Stored data:
○ ○ ○

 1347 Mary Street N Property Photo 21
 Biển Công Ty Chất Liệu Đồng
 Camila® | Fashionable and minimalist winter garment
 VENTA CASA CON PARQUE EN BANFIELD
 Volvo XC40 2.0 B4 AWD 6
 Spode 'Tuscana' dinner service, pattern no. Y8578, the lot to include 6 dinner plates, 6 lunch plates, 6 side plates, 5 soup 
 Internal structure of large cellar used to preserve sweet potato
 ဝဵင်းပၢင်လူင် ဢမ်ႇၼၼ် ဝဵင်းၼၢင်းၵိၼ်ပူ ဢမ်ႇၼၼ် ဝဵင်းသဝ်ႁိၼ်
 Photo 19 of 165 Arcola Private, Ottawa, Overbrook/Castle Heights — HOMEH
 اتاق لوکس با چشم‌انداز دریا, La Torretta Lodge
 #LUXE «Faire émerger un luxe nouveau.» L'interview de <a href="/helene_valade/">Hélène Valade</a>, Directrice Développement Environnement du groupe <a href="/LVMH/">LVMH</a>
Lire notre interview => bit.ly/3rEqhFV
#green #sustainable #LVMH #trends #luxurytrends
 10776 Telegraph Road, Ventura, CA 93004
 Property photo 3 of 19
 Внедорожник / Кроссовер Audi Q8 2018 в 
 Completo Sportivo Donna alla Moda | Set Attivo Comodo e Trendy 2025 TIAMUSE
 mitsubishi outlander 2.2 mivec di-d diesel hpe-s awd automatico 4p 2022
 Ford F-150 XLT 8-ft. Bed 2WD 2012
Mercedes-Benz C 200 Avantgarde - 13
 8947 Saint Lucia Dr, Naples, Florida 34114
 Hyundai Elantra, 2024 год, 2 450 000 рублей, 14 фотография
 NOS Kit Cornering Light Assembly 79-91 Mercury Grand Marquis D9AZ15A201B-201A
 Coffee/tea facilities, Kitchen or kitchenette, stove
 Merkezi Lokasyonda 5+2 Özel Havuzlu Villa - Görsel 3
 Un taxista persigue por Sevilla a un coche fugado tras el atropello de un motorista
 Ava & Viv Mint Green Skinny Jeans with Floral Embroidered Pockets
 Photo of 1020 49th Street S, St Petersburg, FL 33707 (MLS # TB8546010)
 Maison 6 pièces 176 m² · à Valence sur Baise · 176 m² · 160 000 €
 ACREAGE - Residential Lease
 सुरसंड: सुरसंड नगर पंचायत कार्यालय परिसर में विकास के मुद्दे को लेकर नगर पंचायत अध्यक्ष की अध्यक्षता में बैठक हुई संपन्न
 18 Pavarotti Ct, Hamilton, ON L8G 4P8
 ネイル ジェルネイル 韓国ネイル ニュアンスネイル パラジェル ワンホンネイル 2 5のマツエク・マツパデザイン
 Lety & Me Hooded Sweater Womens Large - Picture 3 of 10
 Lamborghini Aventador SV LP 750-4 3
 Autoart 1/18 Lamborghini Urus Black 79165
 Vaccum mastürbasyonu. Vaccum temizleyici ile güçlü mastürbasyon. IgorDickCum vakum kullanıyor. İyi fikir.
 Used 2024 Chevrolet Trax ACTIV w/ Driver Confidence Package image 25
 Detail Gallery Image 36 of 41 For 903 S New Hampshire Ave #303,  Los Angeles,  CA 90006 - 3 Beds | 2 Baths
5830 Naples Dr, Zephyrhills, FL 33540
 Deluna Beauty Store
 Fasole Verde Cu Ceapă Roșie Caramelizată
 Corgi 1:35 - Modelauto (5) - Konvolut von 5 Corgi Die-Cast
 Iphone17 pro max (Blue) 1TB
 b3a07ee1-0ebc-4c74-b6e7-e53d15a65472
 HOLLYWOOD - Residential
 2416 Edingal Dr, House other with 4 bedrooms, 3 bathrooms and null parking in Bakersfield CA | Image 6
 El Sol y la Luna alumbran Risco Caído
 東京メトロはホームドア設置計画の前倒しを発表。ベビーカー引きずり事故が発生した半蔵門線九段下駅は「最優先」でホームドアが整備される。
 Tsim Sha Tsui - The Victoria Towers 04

○ ○ ○

Reproduce every line above that contains the string "Property".

(Response to the exercise):
 1347 Mary Street N Property Photo 21
 Property photo 3 of 19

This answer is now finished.